Unfortunately, this is where many retail traders get greedy and blow it. They will do 10 trades and hit their profit target on 9 of them. They will start seeing huge piles of money in their future and get greedy. They will start taking more risk on their trades than their account can handle.
200 trades of break-even or profitable performance risking 1% per trade. Don't even think about increasing your risk tolerance until you do it. When you get to this point, increase you risk to 2%. Do 1,000 trades at this level and show break-even or profit.
If you blow your account, go back down to 1% until you can figure out what the hell you did differently or wrong, fix your strategy, and try again.
Once you clear 1,000 trades at 2%, it's really up to you if you want to increase your risk. I don't recommend it. Even 2% is bordering on gambling to be honest.
LESSON 4 - THE 500 PIP DRAWDOWN RULE
This is a rule I created for myself and it's a great way to help protect your account from blowing.
Sometimes the market goes insane. Like really insane. Insane to the point that your broker can't keep up and they can't hold your orders to the SL and TP levels you specified. They will try, but during a flash crash like we had at the start of January 2019 the rules can sometimes go flying out the window on account of the trading servers being unable to keep up with all the shit that's hitting the fan.
Because of this I live by a rule I call the 500 Pip Drawdown Rule and it's really quite simple - Have enough funds in your account to cover a 500 pip drawdown on your largest open trade
. I don't care if you set a SL of -50 pips. During a flash crash that shit sometimes just breaks.
So let's use an example - you open a 0.1 lot short order on USDCAD and set the SL to 50 pips (so you'd only lose $50 if you hit stoploss). An hour later Trump makes some absurd announcement which causes a massive fundamental event on the market. A flash crash happens and over the course of the next few minutes USDCAD spikes up 500 pips, your broker is struggling to keep shit under control and your order slips through the cracks. By the time your broker is able to clear the backlog of orders and activity, your order closes out at 500 pips in the red. You just lost $500 when you intended initially to only risk $50.

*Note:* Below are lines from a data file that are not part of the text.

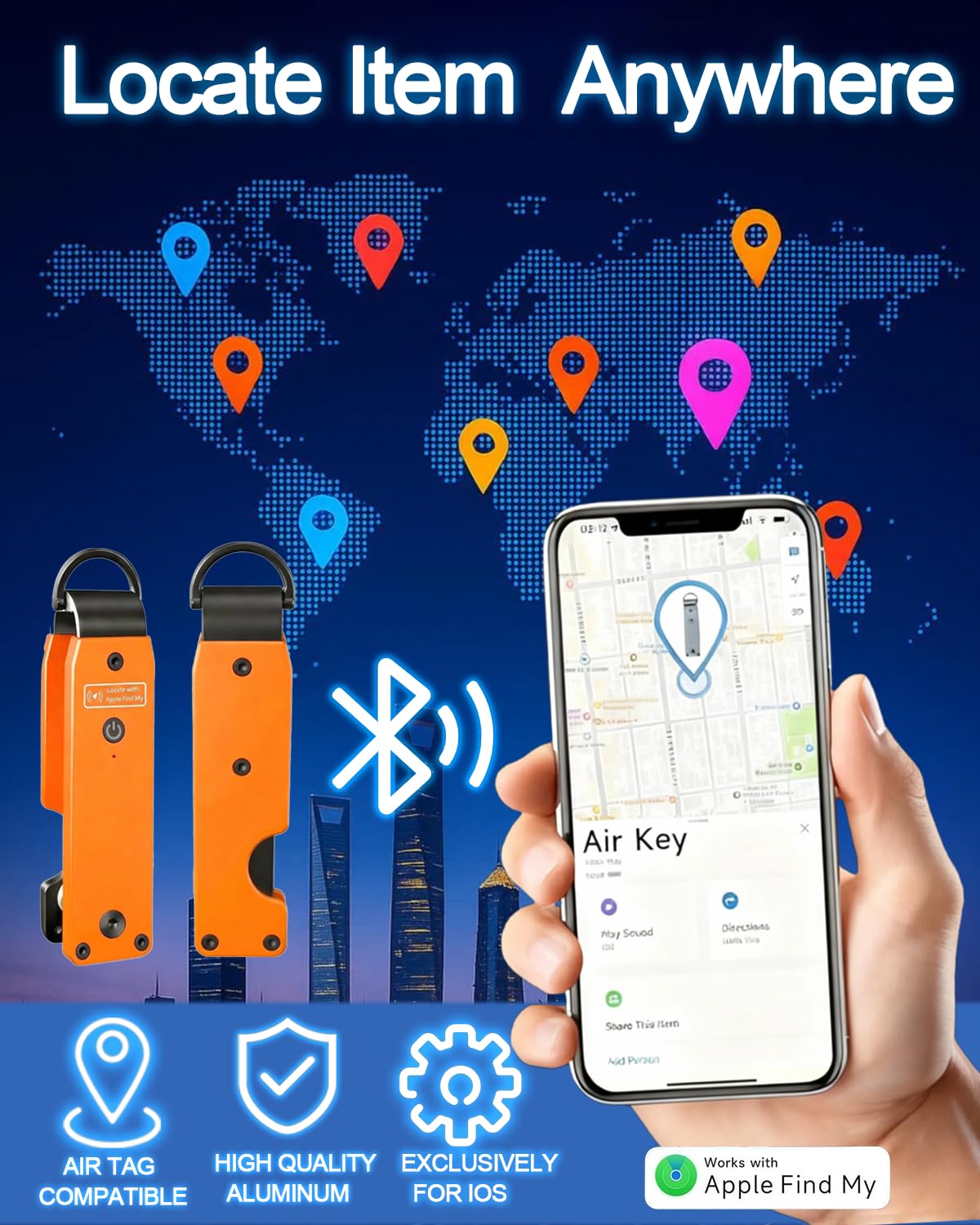 ShiChextasy Air Keychain with GPS Tracker : Lightweight Compact Key Holder for Outdoor Use - Minimalist Metal Key Organizer (Orange)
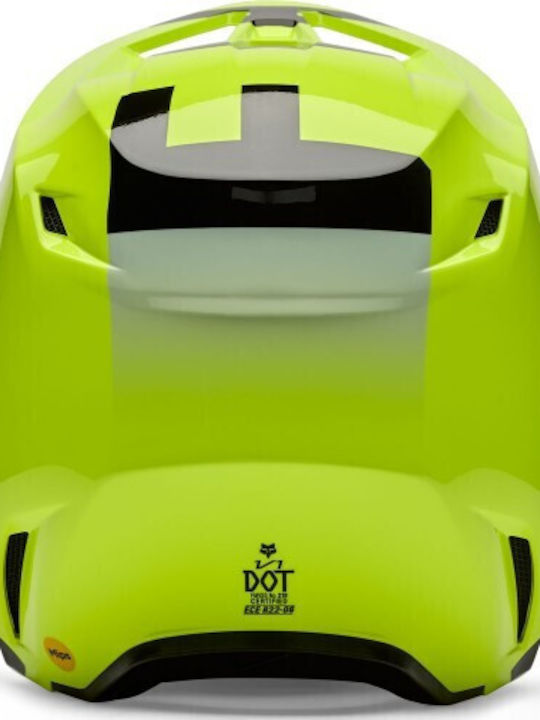 Fox V1 Shield Fluo Yellow Cască Moto Motocross ECE 22.06 / DOT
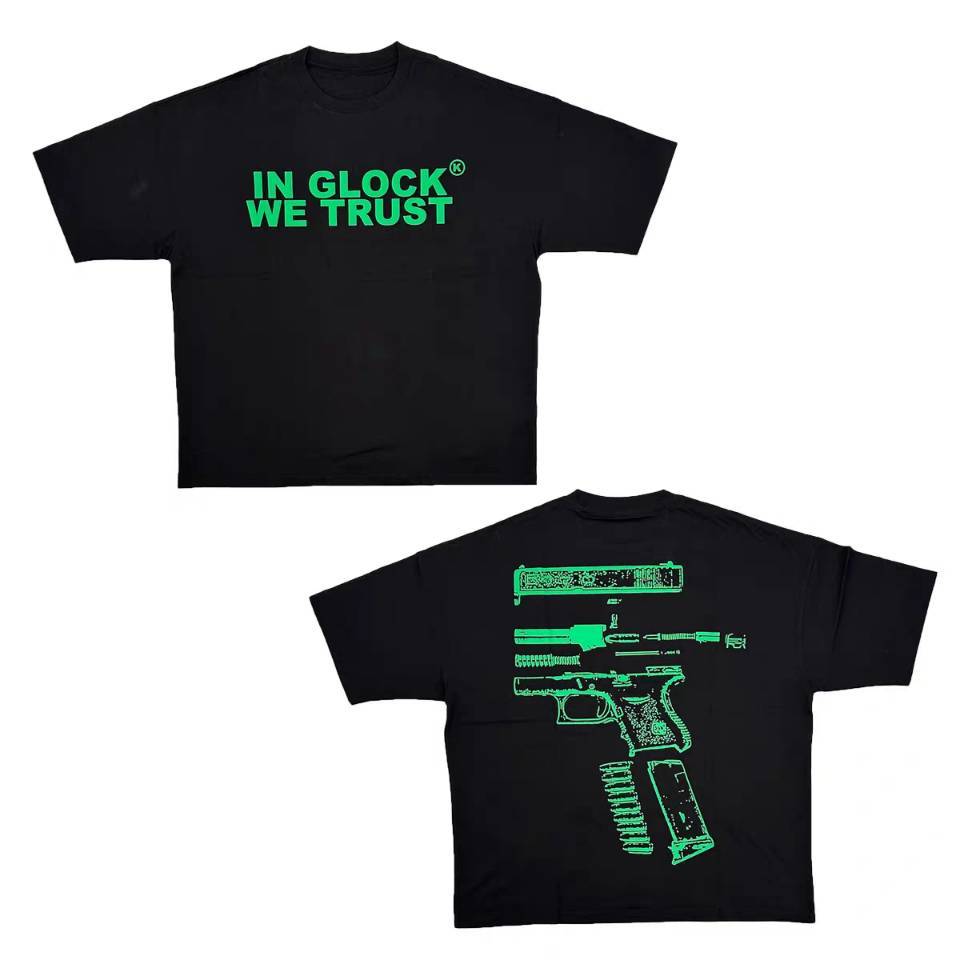Kixkz Fashion Brand Women's T-shirts IN GLOCK WE TRUST Letter Printed Short-sleeve Oversized Cotton T-shirt for Women Tops Tees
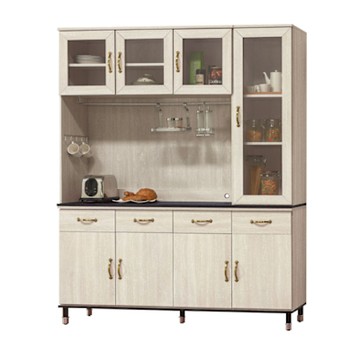 文創集 洛里5.3尺高硬度岩板高餐櫃組合-160x41x202cm免組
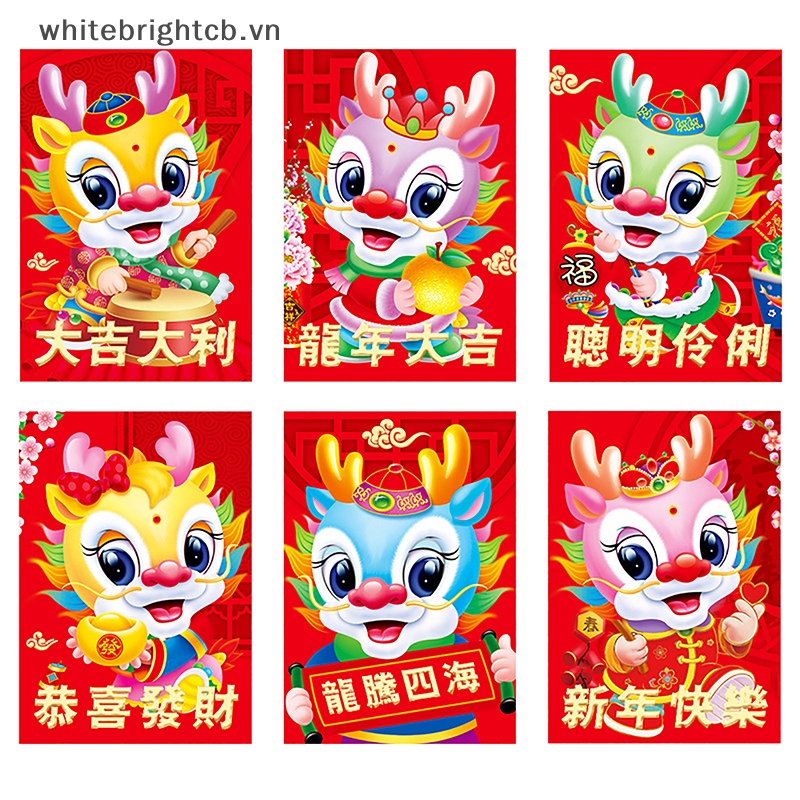 / 2024 / / 6 Bao Lì Xì Hình Rồng Đỏ May Mắn Cho Năm Mới / Năm Mới 2024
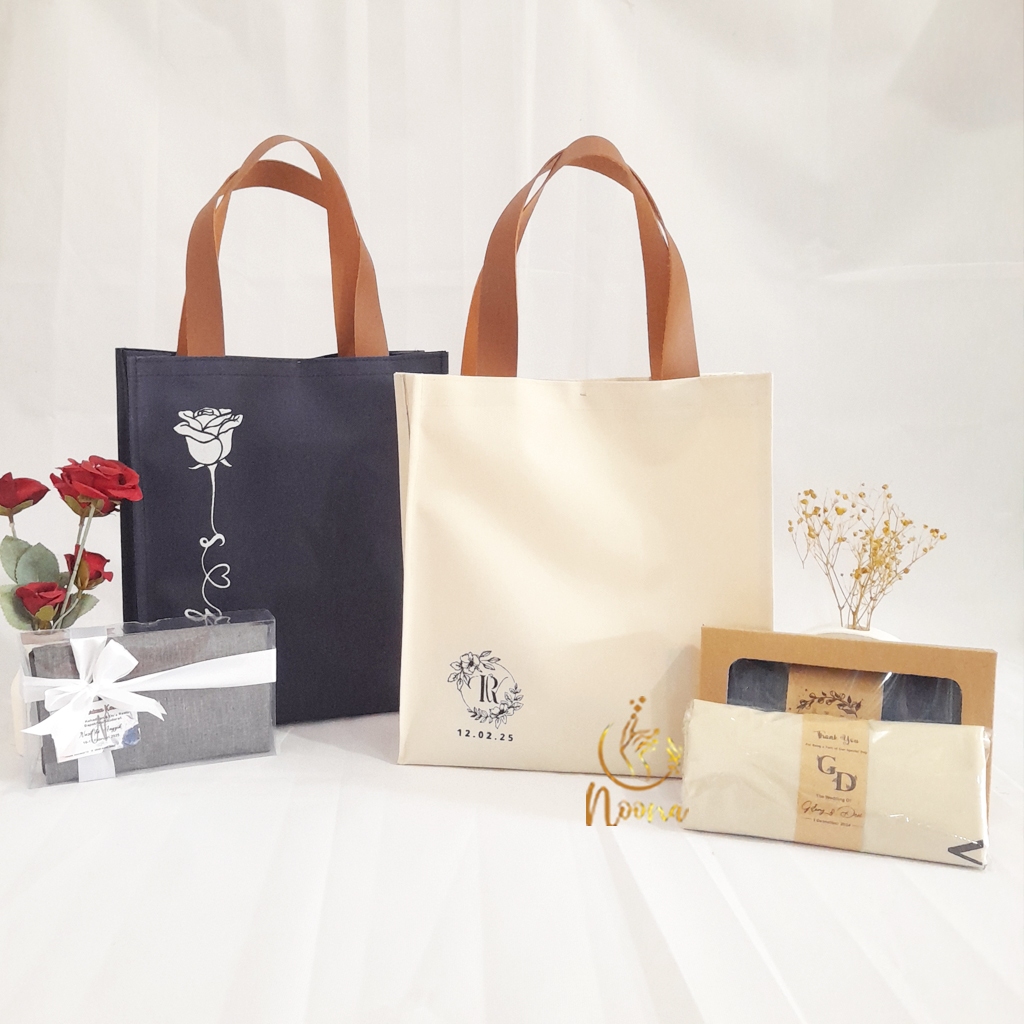Totebag Souvenir Sablon | HANA Bag | Tas Souvenir Wedding Sablon | Tas Kelahiran Bayi | Tas Polyeste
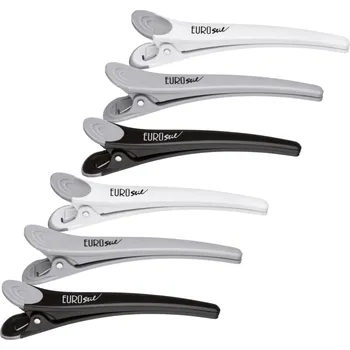 Klipsy do vlasů Eurostil Professional - 11 cm, černé, bílé, šedé, 6 ks (04376) + dárek zdarma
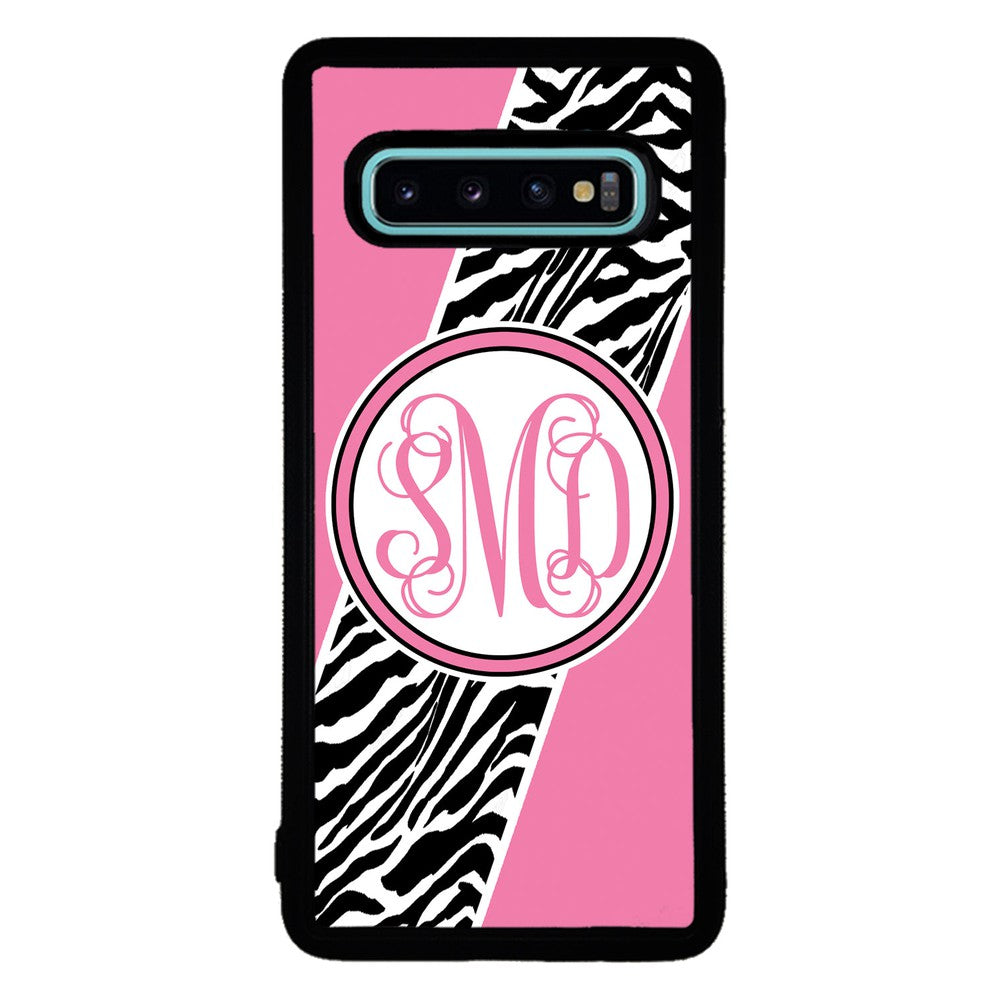 Zebra Animal Skin Pink Script Monogram | Samsung Phone Case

It gets kinda scary if you are dealing with whole lot orders. A single order with a 500 pip drawdown is $5,000 gone in an instant. That will decimate many trader accounts.
Remember my statements above about Forex being a cruel bitch of a mistress? I wasn't kidding.
Granted - the above scenario is very rare to actually happen. But glitches to happen from time to time. Broker servers go offline. Weird shit happens which sets off a fundamental shift. Lots of stuff can break your account very quickly if you aren't using proper risk management.
LESSON 5 - UNDERSTAND DIFFERENT TRADING METHODOLOGIES
Generally speaking, there are 3 trading methodologies that traders employ. It's important to figure out what method you intend to use before asking for help. Each has their pros and cons, and you can combine them in a somewhat hybrid methodology but that introduces challenges as well.
In a nutshell:
- Price Action Trading (Sometimes called Naked Trading) is very effective at identifying when trends will start and finish. This gives you the advantage of staying ahead of the market and predicting when a change in trend direction will occur. It has the disadvantage of being really easy to screw it up if you don't plot your support and resistance lines properly and interpret the chart wrong. Because you can identify a change in trend direction, you'll generally make more profit on a new trend than a technical strategy will.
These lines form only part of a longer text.